Diane Kruger as Marie Antoinette in Benoit Jacquot's new film, "Farewell, My Queen," which is set in the final days before the outbreak of the French Revolution. Carole Bethuel / Cohen Media Group; far left, Valerie Macon / Getty Images

"The things that I prefer in this world, my reasons for living, are books and women," the French director Benoit Jacquot said. "For me the cinema is the best way to unite them."

His new film, "Farewell, My Queen," is adapted from a prize-winning 2002 book by the French writer Chantal Thomas. (Mr. Jacquot wrote the screenplay with Gilles Taurand.) The movie, which opened this year's Berlin Film Festival, was released across Europe during spring and summer. Set in the final days before the French Revolution, it revolves around a romantic triangle of Marie Antoinette (Diane Kruger), her confidante Madame de Polignac (Virginie Ledoyen) and Sidonie Laborde (Lea Seydoux), a servant whose task it is to read to the queen.

Mr. Jacquot's love for literature has inspired projects including a screen adaptation of an unfinished book by Marivaux ("Marianne," from 1997, starring Ms. Ledoyen) and a movie about the Marquis de Sade ("Sade," with Daniel Auteuil in the lead role, in 2000).

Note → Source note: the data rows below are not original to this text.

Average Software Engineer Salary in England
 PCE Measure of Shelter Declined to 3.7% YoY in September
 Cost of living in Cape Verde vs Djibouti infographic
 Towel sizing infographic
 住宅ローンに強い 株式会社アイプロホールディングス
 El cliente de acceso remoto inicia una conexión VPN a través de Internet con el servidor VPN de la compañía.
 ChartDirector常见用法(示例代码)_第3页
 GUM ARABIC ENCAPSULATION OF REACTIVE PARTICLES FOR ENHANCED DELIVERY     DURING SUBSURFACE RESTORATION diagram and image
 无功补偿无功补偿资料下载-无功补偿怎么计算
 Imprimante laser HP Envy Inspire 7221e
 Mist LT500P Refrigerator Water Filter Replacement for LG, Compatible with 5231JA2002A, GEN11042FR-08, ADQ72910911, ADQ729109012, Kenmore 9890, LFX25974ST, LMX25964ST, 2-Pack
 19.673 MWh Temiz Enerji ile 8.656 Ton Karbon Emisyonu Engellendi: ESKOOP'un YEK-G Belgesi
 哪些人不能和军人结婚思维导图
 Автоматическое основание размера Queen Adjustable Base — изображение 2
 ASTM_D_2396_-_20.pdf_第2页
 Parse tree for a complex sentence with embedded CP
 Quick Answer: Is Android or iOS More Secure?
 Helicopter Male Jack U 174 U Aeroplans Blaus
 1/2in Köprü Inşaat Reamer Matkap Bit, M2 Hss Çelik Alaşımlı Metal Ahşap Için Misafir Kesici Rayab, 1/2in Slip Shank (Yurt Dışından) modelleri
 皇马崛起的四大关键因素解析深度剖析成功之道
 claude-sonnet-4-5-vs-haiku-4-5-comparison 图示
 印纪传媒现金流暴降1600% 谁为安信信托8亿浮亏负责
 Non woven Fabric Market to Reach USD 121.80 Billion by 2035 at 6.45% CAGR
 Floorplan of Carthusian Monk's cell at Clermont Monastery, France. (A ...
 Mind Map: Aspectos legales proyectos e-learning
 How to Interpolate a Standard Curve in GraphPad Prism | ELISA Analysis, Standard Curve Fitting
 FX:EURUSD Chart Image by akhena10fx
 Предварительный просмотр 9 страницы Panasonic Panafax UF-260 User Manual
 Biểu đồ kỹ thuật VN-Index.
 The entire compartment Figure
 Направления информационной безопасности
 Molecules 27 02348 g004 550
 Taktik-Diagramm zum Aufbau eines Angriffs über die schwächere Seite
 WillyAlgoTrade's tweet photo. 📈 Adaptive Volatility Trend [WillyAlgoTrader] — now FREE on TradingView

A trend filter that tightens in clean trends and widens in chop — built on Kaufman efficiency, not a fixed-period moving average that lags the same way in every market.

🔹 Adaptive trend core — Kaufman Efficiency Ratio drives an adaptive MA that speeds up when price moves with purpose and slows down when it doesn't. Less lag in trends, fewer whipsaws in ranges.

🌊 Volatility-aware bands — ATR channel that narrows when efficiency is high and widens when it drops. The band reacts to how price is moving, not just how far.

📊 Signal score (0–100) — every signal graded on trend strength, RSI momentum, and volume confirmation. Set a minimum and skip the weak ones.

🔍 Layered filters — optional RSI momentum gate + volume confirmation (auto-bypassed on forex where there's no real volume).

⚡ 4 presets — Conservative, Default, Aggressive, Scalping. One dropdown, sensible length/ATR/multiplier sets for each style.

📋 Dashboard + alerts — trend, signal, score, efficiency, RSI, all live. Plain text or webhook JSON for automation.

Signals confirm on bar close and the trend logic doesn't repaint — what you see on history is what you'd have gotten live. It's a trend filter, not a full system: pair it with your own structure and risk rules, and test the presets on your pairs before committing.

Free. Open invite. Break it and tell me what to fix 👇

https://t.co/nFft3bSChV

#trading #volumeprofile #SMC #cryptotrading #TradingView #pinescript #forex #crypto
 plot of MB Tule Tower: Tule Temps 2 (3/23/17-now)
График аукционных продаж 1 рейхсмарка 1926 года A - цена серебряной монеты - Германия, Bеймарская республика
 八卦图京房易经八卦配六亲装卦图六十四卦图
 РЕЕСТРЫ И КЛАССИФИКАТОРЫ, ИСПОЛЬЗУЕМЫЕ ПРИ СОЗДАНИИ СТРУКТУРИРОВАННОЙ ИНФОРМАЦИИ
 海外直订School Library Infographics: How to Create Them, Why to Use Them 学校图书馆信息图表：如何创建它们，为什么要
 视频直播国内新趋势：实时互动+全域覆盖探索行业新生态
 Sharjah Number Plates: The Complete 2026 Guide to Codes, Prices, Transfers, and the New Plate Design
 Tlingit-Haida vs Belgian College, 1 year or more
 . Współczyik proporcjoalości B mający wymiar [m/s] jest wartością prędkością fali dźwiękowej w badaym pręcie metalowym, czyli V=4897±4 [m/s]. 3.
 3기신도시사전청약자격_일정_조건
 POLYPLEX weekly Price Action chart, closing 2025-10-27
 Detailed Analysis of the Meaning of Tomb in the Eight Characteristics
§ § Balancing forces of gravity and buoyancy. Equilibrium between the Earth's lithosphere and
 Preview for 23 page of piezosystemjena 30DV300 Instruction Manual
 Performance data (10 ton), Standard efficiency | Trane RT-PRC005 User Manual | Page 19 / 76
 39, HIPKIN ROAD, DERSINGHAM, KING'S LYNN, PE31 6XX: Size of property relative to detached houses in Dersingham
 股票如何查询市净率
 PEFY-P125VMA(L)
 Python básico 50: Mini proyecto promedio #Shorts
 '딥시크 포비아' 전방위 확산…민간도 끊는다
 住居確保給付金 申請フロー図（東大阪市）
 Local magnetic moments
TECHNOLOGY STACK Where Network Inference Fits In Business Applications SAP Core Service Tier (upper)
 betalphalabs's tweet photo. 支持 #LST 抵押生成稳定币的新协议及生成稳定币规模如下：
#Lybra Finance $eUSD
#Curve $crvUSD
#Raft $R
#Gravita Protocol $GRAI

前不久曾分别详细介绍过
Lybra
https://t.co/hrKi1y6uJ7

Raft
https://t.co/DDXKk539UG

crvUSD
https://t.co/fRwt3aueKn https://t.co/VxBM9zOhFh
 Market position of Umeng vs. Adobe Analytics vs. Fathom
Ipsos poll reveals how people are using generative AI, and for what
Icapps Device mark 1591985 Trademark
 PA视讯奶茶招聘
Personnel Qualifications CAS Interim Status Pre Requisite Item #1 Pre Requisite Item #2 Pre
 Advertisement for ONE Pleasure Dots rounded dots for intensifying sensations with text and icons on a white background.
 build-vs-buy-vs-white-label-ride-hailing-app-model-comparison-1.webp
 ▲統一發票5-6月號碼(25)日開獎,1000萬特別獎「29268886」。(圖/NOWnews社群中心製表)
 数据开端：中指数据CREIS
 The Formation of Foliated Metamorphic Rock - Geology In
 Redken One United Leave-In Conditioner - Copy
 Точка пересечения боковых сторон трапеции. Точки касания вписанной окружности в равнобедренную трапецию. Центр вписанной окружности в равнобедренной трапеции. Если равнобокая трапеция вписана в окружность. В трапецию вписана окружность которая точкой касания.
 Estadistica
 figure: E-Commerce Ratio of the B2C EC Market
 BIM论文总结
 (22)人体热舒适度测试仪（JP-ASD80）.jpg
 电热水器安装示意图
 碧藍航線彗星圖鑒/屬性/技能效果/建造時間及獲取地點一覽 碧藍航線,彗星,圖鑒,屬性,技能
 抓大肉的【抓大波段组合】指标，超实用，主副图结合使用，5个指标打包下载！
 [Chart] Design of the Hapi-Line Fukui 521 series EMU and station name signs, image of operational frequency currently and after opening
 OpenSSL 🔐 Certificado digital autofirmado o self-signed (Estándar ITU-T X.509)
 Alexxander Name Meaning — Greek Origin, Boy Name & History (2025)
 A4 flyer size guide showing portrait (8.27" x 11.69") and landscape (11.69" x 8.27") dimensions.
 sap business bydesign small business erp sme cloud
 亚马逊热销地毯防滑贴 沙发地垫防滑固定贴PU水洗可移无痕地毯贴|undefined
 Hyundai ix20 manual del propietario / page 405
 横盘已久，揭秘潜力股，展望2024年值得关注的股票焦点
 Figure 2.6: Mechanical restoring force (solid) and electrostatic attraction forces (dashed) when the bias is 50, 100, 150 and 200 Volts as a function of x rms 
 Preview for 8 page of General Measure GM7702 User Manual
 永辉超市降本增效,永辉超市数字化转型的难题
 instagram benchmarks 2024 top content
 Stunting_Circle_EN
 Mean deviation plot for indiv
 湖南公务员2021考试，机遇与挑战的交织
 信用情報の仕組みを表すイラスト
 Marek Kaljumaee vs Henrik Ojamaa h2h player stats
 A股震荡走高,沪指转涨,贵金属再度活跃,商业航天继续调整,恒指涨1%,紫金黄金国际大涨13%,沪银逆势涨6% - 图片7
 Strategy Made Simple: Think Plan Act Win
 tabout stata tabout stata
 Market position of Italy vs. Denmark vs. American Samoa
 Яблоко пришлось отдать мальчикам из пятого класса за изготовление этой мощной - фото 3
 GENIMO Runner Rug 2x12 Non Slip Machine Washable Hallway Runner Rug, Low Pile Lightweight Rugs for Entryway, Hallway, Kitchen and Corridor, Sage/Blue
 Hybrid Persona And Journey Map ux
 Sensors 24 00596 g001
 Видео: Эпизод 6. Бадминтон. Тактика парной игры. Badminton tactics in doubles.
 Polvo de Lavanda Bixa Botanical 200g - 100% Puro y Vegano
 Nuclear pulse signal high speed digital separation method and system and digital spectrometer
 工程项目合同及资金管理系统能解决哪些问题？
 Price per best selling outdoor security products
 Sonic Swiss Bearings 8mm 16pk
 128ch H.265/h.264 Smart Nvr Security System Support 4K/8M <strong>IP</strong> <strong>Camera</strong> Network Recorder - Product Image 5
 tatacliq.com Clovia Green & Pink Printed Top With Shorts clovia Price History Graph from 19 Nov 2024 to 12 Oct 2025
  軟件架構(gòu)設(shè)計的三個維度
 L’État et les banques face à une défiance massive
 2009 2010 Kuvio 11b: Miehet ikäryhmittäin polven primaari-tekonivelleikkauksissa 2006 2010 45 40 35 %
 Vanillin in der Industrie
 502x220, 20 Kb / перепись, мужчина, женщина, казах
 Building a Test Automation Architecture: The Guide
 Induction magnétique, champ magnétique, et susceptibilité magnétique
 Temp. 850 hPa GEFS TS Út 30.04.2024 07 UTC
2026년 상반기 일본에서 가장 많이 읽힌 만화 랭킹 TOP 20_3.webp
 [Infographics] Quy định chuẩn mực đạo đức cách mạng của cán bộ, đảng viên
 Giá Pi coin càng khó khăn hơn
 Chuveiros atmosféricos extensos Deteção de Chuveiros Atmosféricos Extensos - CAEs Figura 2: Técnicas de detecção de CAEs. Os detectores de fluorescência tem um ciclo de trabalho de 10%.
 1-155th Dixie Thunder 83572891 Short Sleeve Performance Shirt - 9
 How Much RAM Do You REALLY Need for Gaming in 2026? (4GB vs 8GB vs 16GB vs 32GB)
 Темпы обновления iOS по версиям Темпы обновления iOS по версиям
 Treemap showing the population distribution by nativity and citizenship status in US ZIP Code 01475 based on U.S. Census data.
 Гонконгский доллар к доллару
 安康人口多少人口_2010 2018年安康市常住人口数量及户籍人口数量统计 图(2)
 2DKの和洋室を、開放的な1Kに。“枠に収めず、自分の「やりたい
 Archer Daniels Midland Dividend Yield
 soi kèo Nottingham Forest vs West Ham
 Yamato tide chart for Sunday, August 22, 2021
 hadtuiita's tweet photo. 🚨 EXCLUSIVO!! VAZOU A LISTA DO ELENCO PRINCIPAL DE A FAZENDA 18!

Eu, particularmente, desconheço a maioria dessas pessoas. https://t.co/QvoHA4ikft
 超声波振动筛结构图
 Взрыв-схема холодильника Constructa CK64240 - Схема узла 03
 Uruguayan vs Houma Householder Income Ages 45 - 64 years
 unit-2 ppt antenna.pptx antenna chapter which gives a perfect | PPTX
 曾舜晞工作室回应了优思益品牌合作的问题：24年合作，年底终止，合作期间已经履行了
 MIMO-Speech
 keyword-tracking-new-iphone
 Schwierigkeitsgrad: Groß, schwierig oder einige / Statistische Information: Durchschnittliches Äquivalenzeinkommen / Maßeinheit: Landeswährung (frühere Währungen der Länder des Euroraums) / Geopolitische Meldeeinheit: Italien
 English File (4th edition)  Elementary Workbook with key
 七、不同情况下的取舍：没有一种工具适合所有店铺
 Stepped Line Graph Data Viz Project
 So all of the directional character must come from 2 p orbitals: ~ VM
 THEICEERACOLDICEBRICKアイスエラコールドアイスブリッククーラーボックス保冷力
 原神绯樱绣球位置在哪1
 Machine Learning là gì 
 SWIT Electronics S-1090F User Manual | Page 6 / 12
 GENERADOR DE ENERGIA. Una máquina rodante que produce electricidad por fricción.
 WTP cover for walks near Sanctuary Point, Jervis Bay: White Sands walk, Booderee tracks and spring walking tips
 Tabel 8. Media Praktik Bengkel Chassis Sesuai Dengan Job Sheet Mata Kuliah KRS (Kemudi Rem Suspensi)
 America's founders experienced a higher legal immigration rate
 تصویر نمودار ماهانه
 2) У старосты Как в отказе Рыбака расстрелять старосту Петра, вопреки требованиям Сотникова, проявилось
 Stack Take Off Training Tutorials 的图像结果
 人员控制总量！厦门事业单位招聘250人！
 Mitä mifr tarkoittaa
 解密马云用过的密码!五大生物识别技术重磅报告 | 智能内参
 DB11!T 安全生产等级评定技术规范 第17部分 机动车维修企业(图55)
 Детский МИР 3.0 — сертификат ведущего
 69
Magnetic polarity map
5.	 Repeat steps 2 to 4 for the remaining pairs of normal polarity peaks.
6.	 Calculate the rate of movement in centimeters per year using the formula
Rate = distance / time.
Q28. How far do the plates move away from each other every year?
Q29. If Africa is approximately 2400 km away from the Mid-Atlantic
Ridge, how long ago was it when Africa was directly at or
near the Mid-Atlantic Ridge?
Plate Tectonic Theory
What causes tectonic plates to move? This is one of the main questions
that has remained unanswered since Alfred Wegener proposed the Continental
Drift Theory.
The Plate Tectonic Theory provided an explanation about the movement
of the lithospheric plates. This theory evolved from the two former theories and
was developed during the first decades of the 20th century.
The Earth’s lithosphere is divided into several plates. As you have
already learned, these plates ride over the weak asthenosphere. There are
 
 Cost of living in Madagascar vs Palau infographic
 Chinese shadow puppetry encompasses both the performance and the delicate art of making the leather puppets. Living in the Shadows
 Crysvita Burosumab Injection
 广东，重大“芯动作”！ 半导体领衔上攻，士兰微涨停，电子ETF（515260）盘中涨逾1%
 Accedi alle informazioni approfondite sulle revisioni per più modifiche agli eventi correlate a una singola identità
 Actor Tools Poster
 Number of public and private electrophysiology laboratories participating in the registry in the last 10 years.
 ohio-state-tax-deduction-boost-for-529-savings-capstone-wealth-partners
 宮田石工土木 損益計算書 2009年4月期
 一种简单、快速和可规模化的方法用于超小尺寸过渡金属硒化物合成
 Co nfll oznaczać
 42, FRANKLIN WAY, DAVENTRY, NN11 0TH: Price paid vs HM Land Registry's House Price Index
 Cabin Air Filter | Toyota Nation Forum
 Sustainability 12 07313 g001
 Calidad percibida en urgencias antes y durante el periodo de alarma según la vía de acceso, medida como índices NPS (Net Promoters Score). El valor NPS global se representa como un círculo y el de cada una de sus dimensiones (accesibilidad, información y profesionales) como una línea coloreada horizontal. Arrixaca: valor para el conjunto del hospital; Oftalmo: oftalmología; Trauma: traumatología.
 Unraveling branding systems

A French director's lifelong obsession with the 'mystery of women'

He said he knew from the first page that he wanted to adapt Ms. Thomas's book into a film, intrigued by how it focuses on a single point of view, a strategy he has employed in other films that follow young women grappling with dramatic events in brief spans. The book's narrator was a middle-aged Sidonie looking back on the events of her youth; Mr. Jacquot has her dealing with them in the present.

"I think one of the things that attracted Benoit is that the story is told from an entirely feminine point of view," Ms. Thomas said by telephone from Paris. "I think that desire is what makes us create. It's part of our creative genius. In Benoit's case his way of seeing and his intelligence are inseparable from a certain eroticism."

Mr. Jacquot, 65, decided to become a filmmaker at 13, influenced by American movies and the French New Wave. He happily admits a fixation with girls on the brink of womanhood.

"It's a very filmable age where one passes from one state to another and the cinema represents that better than anything," he said. And he claims it's something of a job requirement to fall in love with his every ingenue. "I can't imagine filming an actress without having some kind of amorous link with her, it's impossible," he said. "Even if it's just one scene, there's something amorous about the act of filming a woman."

Ms. Seydoux, 26, said by telephone from Paris: "Benoit is a bit like a woman in his desire to be swept off his feet. He's pretty feminine himself, and he's attracted to women and obsessed with femininity, and I think the mystery of women is all-encompassing for him. The way he films an actress is his way of making love to her, it's very personal."

Mr. Jacquot said he hopes to keep chasing pretty girls down the street with his camera as long as he can get away with it. Despite his decades-long quest, he said he isn't sure he understands the opposite sex any better than he ever did.

"I don't know how to explain it," he said. "It's like the horizon: the closer you get, the farther away it seems."